Dengan cemilan di tangan, earphone di telinga dan pemutar musik di tangan, gue menikmati ademnya udara segar dan bau amis kolam sambil melihat ke jalanan besar yang ribut dengan kendaraan dan debu-debu.

Di tempat yang gue rasa gue menjadi diri sendiri, tiba-tiba datang seorang pemuda berkacamata, berpakaian kemeja kotak-kotak dan jaket coklat, celana kain PDL warna gading dan sepatu converse. Jalannya sedikit membungkuk, kepalanya menunduk. Gue bingung ini orang gak takut nubruk apa jalannya.

"Pasti mau ke himpunan nih," batin gue. Gue sambil mengunyah roti coklat yang rasanya biasa saja, amati dia jalan. Gue pastikan ini makhluk tidak sadar keberadaan gue yang jelas-jelas dilewati dia. Sampai harus gue tegur, "Hoi, kak!" Dia menoleh. Terdiam.

"Jalan lihat ke depan, kak. Kasihan tanah dilihatin melulu, ntar grogi," kata gue.

"Oh, kamu, Ge. Dari kapan disini?"

"Daritadi, kak. Ge lihat Kak Rei dari di ujung sono tuh," kata gue sambil menunjuk jalan di masuk ke taman cinta. "Sampe nyampe ke sini nih. Kepala nunduk mulu. Duit ilang?"

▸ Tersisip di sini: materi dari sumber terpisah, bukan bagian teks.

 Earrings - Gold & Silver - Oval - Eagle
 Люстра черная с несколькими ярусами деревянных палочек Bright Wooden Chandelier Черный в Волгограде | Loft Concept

"Hahaha. Gak. Kebiasaan ini mah," kata Kak Rei sambil tertawa. Ketawanya nunjukkin lesung pipitnya.

"Manis kakak tuh kalo ketawa. Sayang..."

"Sayang apaan?"

"Sayang misterius. Ada yang bilang kakak aneh gak sih?"

"Kamu tuh ngomongnya. Hahaha," kata kak Rei. Kedua tangannya di saku celana, tapi kelihatan kayak mau noyor kepala gue. Pasti gak berani. Gue bangkit dari duduk gue sambil menggendong tas ransel.

"Jadi cowok harus berani, kak. Jangan loyo!" kata gue sambil membenarkan posisi punggung dia dari bungkuk jadi tegak. Gue menepuk pundaknya dua kali. "Mau ke himpunan, kak?"

"Iya!"

"Ngapain?"

"Bobo!"

"Diihh!"

"Mau ikut?"

"Ada siapa di himpunan? Ada Kak Riza gak?"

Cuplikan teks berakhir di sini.